Fabio A.
Fabio A.

Reputation: 2724

Is there a way to automate repetitive refactoring operations in Intellij-IDEA?

In order to implement a feature in a project I'm working on, I've had to throw a checked exception from a method which is used, in cascade, by hundreds of other methods throughout tens of other classes in the whole project. Consequently, I have got to do some heavy refactoring which Intellij assists me in doing with pop-ups like this one:

Example of refactoring popup

Now, while this intellij feature is very helpful, having to go through the whole codebase is still taking a (to me) unbearable amount of time. The task is actually very repetitive:

  1. Go through all the "unreported exception XX; must be caught or declared to be thrown" errors.
  2. Make the pop up emerge.
  3. If the two options shown in the picture are both present, then choose the first one.
  4. If only "Surround with try/catch" is present, use that one and substitute the e.printStackTrace() call that gets automatically emitted with code of my own.
  5. Repeat from point 1 until no more errors are reported.
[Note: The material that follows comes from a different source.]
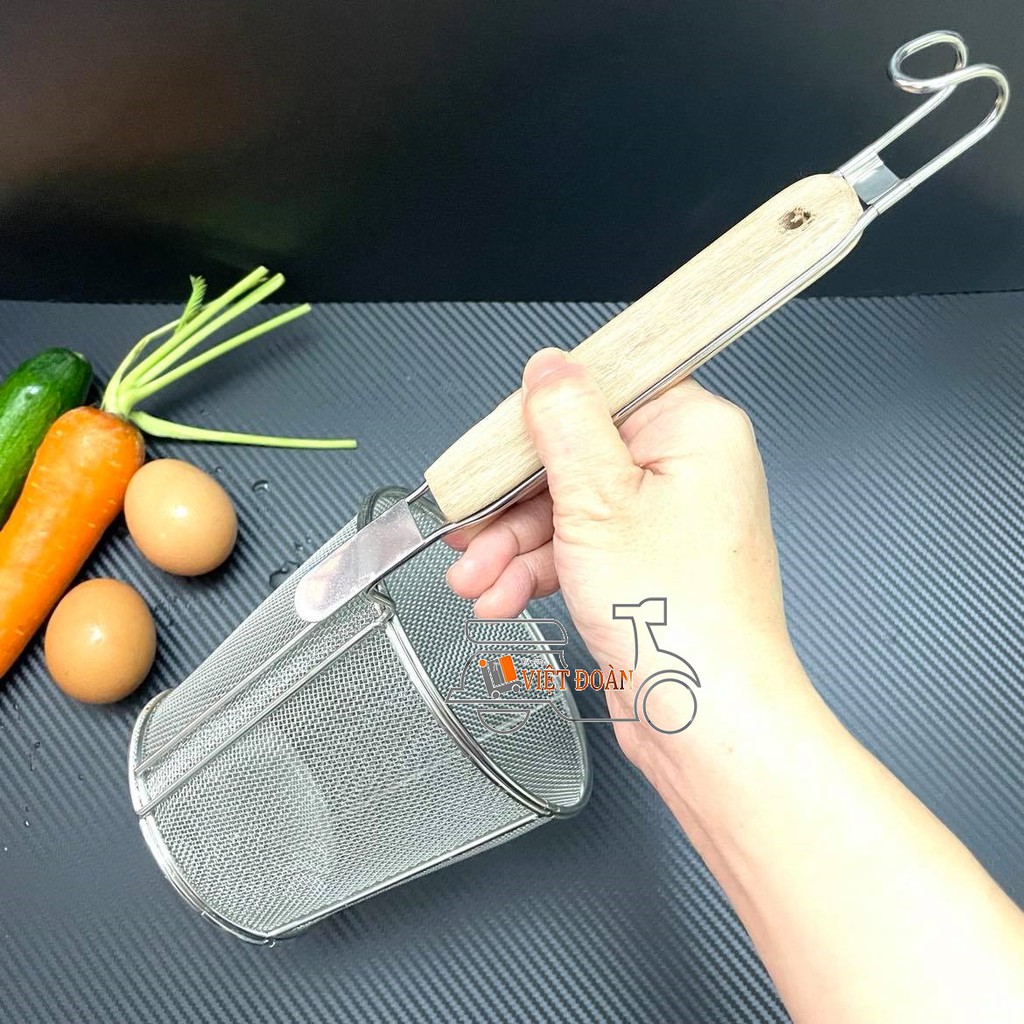 Vợt Trụng Hủ Tiếu, Mì - Sâu Lòng, INOX KHÔNG RỈ- LƯỚI DÀY MỊN, CÁN GỖ CHẮC CHẮN- 3 SIZE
So, the question is: is there any way to automate this process in IntelliJ?

Upvotes: 3

Views: 1332

Answers (2)

Balazs Kelemen
Balazs Kelemen

Reputation: 91

In a general point of view IntellJ IDEA has a batch refactoring feature which can be accessed as follows:

  1. Locate one occurrence of the problem.
  2. Over the problematic part, access the Intentions popup, find the resolution and in the submenu you will find a "Run inspection on..." function.
  3. Here you define the scope of the search, e.g. all files in the project.
  4. After finding all occurrences select an Inspection entry on the tree (or any other selection can be made, e.g. select all).
  5. If the "Apply a quick fix" (light bulb) tool enabled you have the possibility to fix all the problems with one click now.
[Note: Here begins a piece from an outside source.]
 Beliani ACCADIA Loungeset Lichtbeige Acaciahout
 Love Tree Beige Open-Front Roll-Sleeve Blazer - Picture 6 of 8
I believe it depends on the inspection and the resolutions available for that.

Upvotes: 1

matt helliwell
matt helliwell

Reputation: 2678

The only automated way I've found for this is to use the refactoring. On the method that is to throw an exception, choose refactor->change signature. Add in the exception to the signature. Choose the option to propagate the exception and then choose refactor.

It should then add throws clauses to all the methods which call the function.

This works fine for a small number of methods. I haven't tried it with hundred of methods.

Unfortunately I couldn't get the code analysis, which has a "fix all" option, to report this error. If it did report the error then that would've been a simpler way of fixing all the problems.